Alternative approach to build metric names from tags in Dropwizard and other path-based backends

pbetkier commented 6 years ago

Hello, I'd like to propose an alternative way to create metric names in backends like Dropwizard, which don't support tags natively. Either to consider implementing it in Micrometer or as a suggestion for other developers on how to solve this problem in their systems.

We've been using Dropwizard metrics reported to Graphite in our company for a couple of years. Now we're moving to Micrometer as part of Spring Boot 2 migration, also adding Prometheus as an alternative storage. I describe problems we faced and our solution.

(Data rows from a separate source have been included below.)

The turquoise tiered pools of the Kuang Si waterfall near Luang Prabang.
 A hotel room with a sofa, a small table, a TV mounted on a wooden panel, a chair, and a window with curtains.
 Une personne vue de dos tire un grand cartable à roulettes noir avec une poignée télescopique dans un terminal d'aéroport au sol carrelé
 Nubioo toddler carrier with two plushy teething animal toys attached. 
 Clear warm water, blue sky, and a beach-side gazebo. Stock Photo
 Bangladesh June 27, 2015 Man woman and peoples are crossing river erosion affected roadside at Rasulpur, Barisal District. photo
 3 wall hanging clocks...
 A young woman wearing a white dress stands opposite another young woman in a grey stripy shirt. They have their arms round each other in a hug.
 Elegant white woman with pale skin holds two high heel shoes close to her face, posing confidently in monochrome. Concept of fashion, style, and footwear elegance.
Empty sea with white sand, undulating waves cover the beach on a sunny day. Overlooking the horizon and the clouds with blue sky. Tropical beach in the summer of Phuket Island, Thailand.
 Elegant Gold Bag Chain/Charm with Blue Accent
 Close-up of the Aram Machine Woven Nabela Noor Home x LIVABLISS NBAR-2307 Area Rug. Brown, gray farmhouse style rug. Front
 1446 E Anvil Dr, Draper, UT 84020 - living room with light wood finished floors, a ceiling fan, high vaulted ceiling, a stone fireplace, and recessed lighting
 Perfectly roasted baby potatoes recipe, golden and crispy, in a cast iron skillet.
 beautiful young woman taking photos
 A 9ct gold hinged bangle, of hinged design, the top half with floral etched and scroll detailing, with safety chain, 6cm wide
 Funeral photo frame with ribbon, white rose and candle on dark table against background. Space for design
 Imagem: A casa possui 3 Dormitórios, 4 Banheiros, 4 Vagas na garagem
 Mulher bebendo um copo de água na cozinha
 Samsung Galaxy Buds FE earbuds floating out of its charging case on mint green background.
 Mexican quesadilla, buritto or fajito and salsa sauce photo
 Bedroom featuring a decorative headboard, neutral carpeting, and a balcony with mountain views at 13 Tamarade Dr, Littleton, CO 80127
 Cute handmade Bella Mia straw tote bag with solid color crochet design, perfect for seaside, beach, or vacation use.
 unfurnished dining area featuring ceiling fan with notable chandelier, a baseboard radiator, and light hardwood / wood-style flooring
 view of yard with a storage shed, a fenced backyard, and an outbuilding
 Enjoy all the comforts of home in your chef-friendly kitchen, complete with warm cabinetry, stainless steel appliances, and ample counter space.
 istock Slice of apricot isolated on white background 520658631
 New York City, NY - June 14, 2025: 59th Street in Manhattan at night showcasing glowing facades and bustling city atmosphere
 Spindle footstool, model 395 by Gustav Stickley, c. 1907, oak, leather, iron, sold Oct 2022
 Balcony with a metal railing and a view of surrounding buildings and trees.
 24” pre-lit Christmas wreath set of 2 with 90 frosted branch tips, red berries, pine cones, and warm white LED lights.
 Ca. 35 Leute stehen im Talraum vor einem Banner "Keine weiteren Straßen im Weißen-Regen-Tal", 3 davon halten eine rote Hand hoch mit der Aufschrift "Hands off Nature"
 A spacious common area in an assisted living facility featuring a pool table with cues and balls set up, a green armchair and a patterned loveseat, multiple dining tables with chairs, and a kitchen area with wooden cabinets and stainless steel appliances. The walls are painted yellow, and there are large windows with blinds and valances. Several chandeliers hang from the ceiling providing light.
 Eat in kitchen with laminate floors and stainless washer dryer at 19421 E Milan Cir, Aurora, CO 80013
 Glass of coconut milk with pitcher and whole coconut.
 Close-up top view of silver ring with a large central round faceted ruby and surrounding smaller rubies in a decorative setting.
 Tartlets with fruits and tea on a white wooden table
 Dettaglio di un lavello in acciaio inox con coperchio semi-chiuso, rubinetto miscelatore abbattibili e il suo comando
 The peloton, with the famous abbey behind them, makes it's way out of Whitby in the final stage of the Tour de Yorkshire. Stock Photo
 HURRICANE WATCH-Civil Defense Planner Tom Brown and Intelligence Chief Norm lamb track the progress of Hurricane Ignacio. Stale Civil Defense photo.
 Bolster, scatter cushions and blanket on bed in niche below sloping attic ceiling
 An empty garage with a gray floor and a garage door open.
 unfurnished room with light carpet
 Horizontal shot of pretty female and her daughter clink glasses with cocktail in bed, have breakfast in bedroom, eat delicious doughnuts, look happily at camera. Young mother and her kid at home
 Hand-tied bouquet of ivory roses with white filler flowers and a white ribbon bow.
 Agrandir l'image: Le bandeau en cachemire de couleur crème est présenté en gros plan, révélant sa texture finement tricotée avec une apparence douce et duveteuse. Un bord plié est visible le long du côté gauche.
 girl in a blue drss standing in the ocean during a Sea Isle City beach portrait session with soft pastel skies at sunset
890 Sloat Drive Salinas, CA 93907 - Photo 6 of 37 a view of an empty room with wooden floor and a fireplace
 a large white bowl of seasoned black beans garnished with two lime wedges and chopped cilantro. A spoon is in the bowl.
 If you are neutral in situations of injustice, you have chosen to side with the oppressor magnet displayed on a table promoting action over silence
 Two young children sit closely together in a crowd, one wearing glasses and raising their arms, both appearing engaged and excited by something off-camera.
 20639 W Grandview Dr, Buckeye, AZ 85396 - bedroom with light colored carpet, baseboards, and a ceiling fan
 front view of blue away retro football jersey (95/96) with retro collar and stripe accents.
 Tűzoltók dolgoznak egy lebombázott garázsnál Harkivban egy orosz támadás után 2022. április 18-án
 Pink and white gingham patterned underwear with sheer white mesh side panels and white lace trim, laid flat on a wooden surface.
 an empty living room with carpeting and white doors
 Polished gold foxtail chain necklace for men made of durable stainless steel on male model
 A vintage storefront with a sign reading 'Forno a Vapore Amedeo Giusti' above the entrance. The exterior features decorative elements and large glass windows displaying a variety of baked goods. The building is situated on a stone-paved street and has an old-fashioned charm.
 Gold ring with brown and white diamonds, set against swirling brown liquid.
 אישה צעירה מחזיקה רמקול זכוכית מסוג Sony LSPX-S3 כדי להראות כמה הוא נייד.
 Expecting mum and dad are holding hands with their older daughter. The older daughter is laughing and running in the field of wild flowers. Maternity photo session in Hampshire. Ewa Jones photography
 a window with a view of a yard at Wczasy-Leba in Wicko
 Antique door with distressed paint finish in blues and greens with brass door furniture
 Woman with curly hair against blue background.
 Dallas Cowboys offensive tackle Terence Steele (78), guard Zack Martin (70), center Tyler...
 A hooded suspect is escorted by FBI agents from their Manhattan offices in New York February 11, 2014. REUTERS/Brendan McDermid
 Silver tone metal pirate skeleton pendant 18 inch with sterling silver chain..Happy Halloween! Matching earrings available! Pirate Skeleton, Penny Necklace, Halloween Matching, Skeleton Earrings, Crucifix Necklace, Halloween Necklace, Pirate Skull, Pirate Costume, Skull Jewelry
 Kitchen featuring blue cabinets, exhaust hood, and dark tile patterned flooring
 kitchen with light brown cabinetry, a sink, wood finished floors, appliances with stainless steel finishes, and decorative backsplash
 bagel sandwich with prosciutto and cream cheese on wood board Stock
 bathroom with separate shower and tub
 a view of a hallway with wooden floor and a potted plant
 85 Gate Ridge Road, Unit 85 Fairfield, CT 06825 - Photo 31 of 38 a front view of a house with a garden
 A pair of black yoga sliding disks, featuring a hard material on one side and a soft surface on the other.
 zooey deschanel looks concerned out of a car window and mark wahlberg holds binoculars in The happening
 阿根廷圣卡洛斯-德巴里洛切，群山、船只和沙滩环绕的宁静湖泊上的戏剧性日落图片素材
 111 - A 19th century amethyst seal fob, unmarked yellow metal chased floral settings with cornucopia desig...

Issues when migrating to Micrometer

One of our concerns during migration was not to change Graphite metric paths when migrating from Spring Boot 1 on Dropwizard to Spring Boot 2 on Micrometer. Some exemplary metric paths were:

# at Graphite before Micrometer
process.jvm.memory.heap.used
process.jvm.memory.non-heap.used
api-requests.SomeController.someHandler.GET.200
api-requests.SomeController.someHandler.GET.500

Introducing tags in vanilla Micrometer results in the following:

# at Prometheus on Micrometer, great
process_jvm_memory_used_bytes {area=heap|non-heap}
api_requests_seconds {controller=SomeController, handler=someHandler, method=GET, code=200|500}

# at Graphite on Micrometer, totally different tree
process.jvm.memory.area.heap.used
process.jvm.memory.area.non-heap.used
api-requests.code.200.controller.SomeController.handler.someHandler.method.GET
api-requests.code.500.controller.SomeController.handler.someHandler.method.GET

Which brings a couple of problems:

Graphite metric tree is different, preventing a smooth migration to Spring Boot 2.
Metric tree structure emerges from tags alphabetic order, no longer follows the logical order of controller -> handler -> method -> code (captured in #595).
Metric paths are much longer – api-requests.SomeController.someHandler.GET.200 is clear enough, we don't need controller, handler, method and code segments.
Whenever a new tag is added the metric tree can get changed depending on alphabetic order.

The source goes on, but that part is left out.